As the answer, set down the lines below from the one containing "Дизельный генератор Hertz" through the one containing "YCCHAH Parrucche Capelli", exactly and inclusively, and no others.

### EXERCISE INPUTS
╔══

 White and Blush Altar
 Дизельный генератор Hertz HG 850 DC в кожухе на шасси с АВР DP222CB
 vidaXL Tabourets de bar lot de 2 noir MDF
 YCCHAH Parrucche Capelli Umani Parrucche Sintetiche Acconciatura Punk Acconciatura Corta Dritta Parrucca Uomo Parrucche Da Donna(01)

╚══
╔══

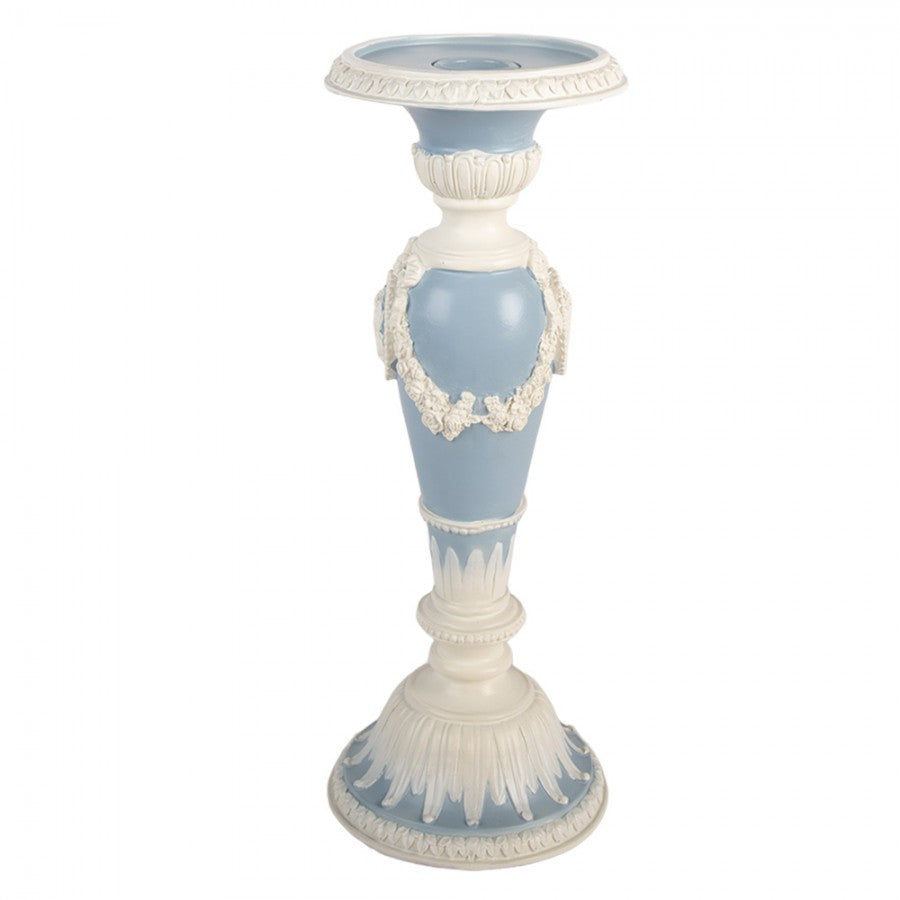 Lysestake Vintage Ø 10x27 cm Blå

╚══
╔══

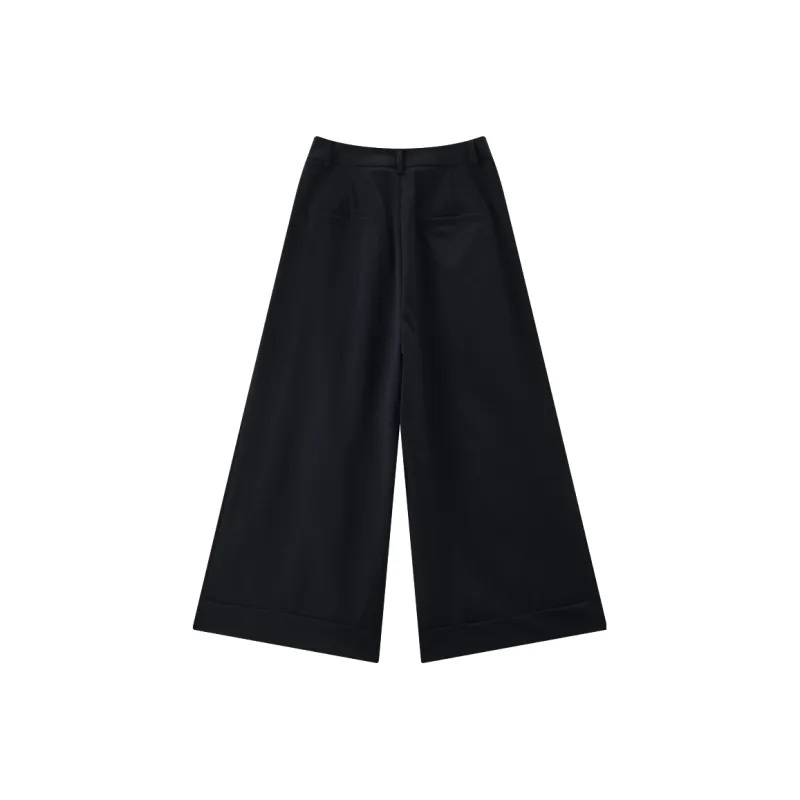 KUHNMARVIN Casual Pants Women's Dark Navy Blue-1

╚══

### ANSWER SECTION
 Дизельный генератор Hertz HG 850 DC в кожухе на шасси с АВР DP222CB
 vidaXL Tabourets de bar lot de 2 noir MDF
 YCCHAH Parrucche Capelli Umani Parrucche Sintetiche Acconciatura Punk Acconciatura Corta Dritta Parrucca Uomo Parrucche Da Donna(01)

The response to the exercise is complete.